Archive for April, 2009

All points bulletin

Sunday, April 19th, 2009

NBC’s coverage of the absolutely fantastic Flyers-Penguins game this afternoon blew CBC’s out of the water, and anyone who knows how I feel about Pierre McGuire—that would be anyone even remotely familiar with me or my work—knows what it means for me to say that. First of all, NBC’s Mike Emrick is a first-rate play-by-play guy. CBC’s Dean Brown… isn’t. On the colour side, CBC’s Gary Galley also… isn’t. So the Mother Corp. is working from a disadvantage to start with, even before they put P.J. Stock on the panel with Kelly Hrudey and Ron MacLean, both of whom are terrific. What can one even say about Stock? Even if he had something interesting to say, which he does not, the poor guy can hardly speak English. His continued presence on HNIC is utterly baffling. In contrast, back on NBC, Mike Milbury has most definitely found his calling in front of a television camera as a hockey panel guy. I’m paraphrasing slightly here, but his statement that “Philadelphians love cheesesteak and violence, and so do I,” is one of my favourite off-ice hockey moments in recent memory. (Assuming CBC doesn’t plan to switch gears entirely, the ideal replacement for Don Cherry on Coach’s Corner couldn’t really be more obvious.)
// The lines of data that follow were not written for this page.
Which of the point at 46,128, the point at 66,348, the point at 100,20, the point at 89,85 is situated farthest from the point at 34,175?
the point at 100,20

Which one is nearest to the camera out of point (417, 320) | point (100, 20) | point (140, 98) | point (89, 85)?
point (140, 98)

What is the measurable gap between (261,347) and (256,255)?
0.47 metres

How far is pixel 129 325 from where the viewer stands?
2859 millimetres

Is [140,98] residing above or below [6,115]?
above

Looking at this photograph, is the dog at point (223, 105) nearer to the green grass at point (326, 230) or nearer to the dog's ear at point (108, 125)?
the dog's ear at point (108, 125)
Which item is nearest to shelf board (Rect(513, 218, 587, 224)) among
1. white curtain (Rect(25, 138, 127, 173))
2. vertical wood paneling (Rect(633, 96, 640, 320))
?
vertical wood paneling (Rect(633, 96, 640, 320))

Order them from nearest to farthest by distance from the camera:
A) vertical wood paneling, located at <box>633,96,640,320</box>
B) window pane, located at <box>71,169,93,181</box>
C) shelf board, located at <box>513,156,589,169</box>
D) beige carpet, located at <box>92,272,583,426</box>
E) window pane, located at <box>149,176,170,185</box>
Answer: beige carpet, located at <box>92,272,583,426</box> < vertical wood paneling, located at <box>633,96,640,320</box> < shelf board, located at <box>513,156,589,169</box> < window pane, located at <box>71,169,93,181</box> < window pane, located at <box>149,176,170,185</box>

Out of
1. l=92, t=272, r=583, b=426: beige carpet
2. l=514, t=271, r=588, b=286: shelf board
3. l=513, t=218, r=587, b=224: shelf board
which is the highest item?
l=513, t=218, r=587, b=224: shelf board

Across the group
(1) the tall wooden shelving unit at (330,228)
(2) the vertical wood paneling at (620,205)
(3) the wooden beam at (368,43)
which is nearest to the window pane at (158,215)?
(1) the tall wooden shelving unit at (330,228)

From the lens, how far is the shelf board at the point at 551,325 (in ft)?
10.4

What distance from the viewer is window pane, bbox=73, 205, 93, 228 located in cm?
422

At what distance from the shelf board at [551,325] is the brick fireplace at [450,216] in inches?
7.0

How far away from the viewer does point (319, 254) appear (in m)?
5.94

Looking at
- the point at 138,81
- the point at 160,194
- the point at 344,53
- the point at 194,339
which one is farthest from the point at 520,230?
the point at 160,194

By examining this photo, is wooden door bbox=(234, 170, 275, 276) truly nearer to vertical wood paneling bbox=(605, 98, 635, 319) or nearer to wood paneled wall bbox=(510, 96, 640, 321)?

McGuire, however, is everywhere in the NBC coverage: he’s Emrick’s colour guy, and he’s Milbury’s intermission partner. So how can I stand it? Because McGuire doesn’t act like an overcaffeinated idiot on NBC. This means someone at TSN is telling him to behave like an overcaffeinated idiot, or isn’t telling him not to. I hereby call for this person to be located and either convinced to change his ways or exiled to some kind of penal colony.

About Omar Khadr’s lawyers

Sunday, April 5th, 2009

This is somewhat fascinating: Dennis Edney, one of Omar Khadr’s Canadian lawyers, thinks the Pentagon’s decision to can Lt.-Cmdr. William Kuebler, Khadr’s American military lawyer and whirling anti-Guantanamo dirvish, “was made in the best interests” of his client.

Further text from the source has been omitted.